A 650-foot radio tower.
“We were getting closer, but we were kind of on a trajectory to clear it. But then the wind just kind of picked up, and we hit it,” Wells said. “Right before we hit it, I’m pretty sure Bill said some profanity or something, like, oh, something, you know. And when he said that, I was like, ‘Oh, if the pilot’s saying that, that’s not good.’”
It wasn’t good.
“I mean, it’s like being in a car wreck, right? Like you’re getting tossed around,” said Wells. “You think, like, this is what falling in a balloon feels like. I was just like, OK, like, I’m gonna die, you know, we’re going to fall from, you know, 70 stories or whatever.”
Wells says the pilot grabbed the tower to stabilize the basket, and then it was time to get out.
“Tower is kind of going like this, and you can hear it.
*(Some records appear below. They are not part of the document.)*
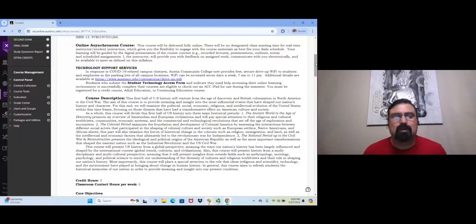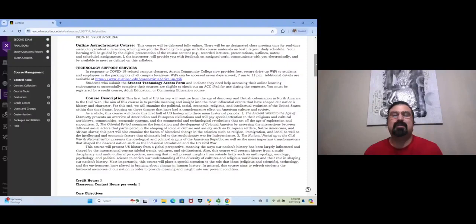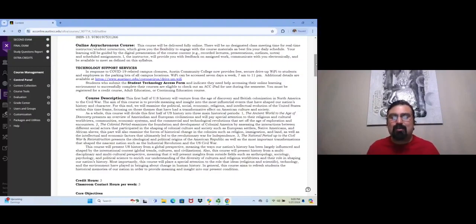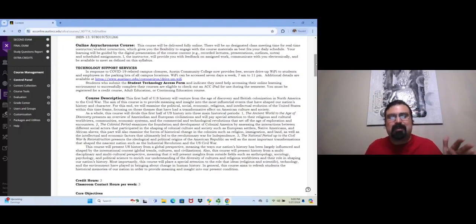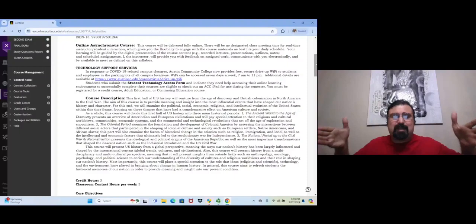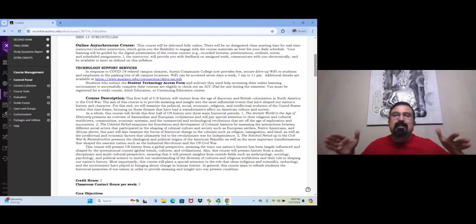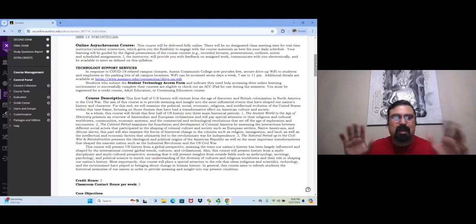This course is offered fully online in an asynchronous format, which means there are no designated class meetings for real-time instruction. This is a very convenient course format that allows students to review material on their own schedule at their own pace. Of course, there is a certain rhythm you must keep in order not to fall behind, but there will be no fixed class meetings to worry about.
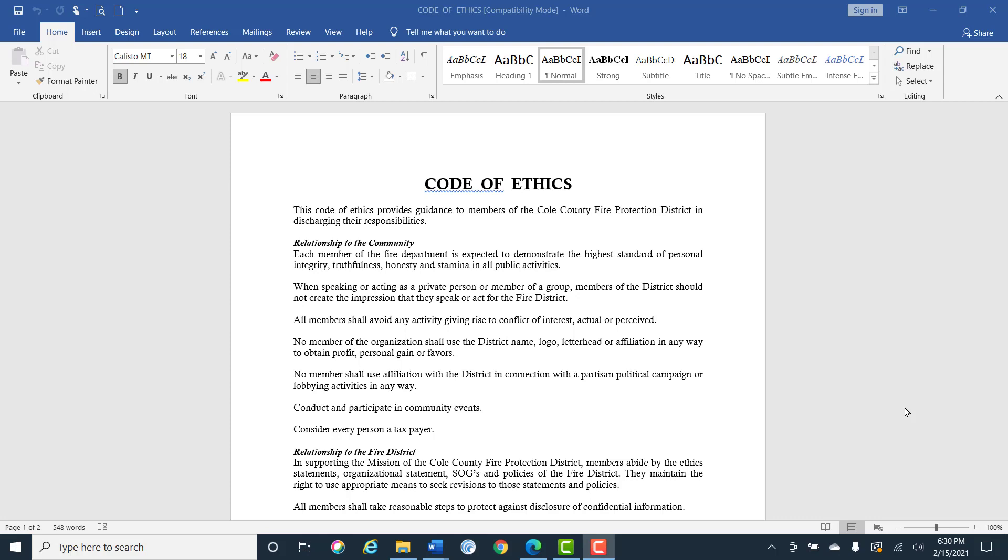Cole County Fire Protection District Code of Ethics. The Code of Ethics provides guidance to the members of the CCFPD so they can discharge their responsibilities. The relationship to the community.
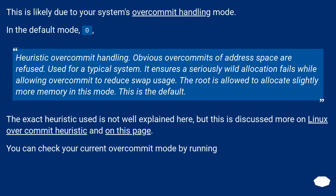This is likely due to your system's overcommit handling mode. In the default mode 0, heuristic overcommit handling, obvious overcommits of address space are refused — used for a typical system. It ensures a seriously wild allocation fails while allowing overcommit to reduce swap usage. The root is allowed to allocate slightly more memory in this mode. The exact heuristic used is not well explained here, but you can check your current overcommit mode by running a command.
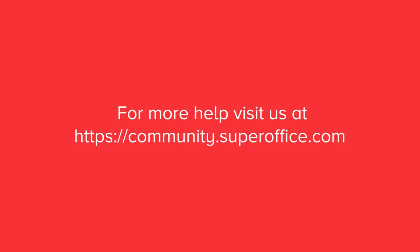For more information on how to improve your productivity with SuperOffice CRM, please visit our community website.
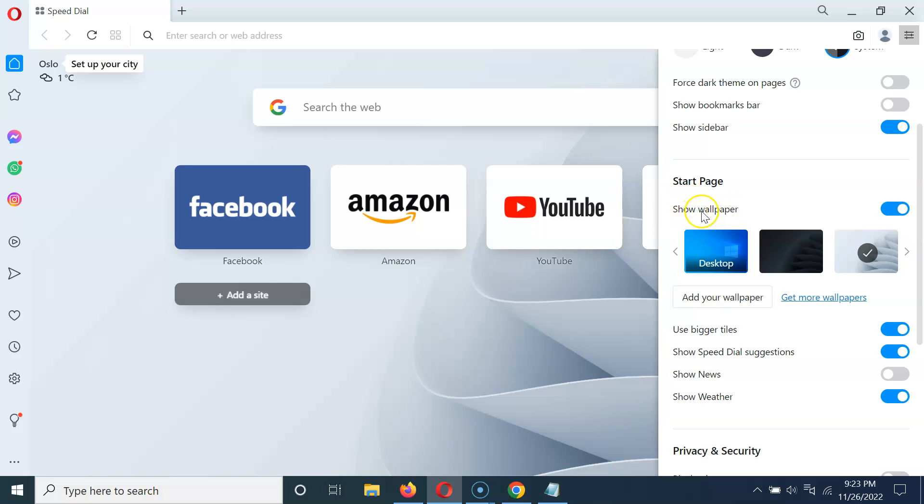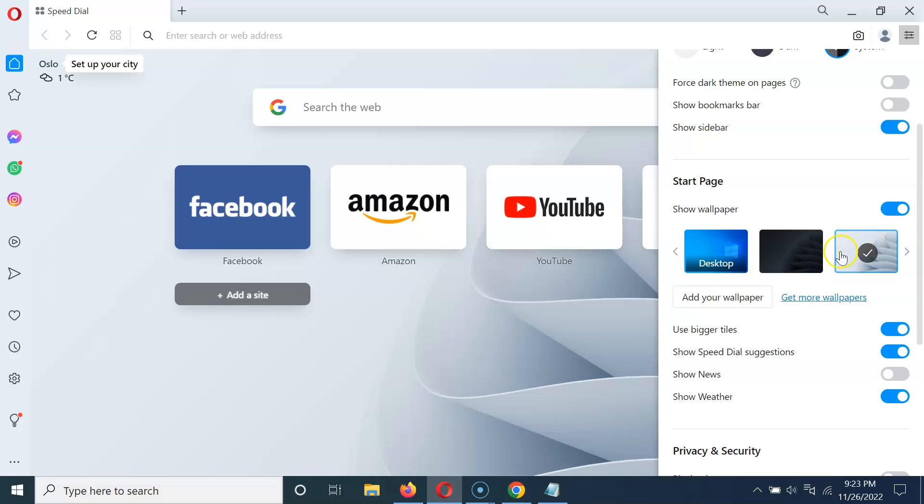Currently it's enabled, you can see this toggle button is enabled next to it and you can see here we have various wallpapers. Currently I have this wallpaper selected, you can see it over here.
You can hear the metal bending, or the cables,” said Wells. “Sounds that you shouldn’t be hearing from radio towers, right?”
Wells says Whitacre started climbing down the ladder first, then him, and then the pilot after he shut off the balloon’s propane tanks.
“I did look down. I fortunately, I’m not somebody who’s, like, particularly afraid of heights. But, you know, I was afraid of those heights, because you should be,” Wells said.
The man who helped rescue the trio would agree.
“The highest distance I had worked before was probably 100 feet or so,” said Christopher Perez, a retired PNM lineman.
Perez was a PNM lineman at the time and assumed he was brought in to offer advice.
“I looked at one of the lieutenants, or the chief at the time, and I said, ‘Well, somebody’s gotta go up there,’” said Perez. “Once I heard there were kids, I was hoping that there would be somebody that would have the courage and faith to go and do something like that for my kids. So that was my driving force, was thinking about my girls.”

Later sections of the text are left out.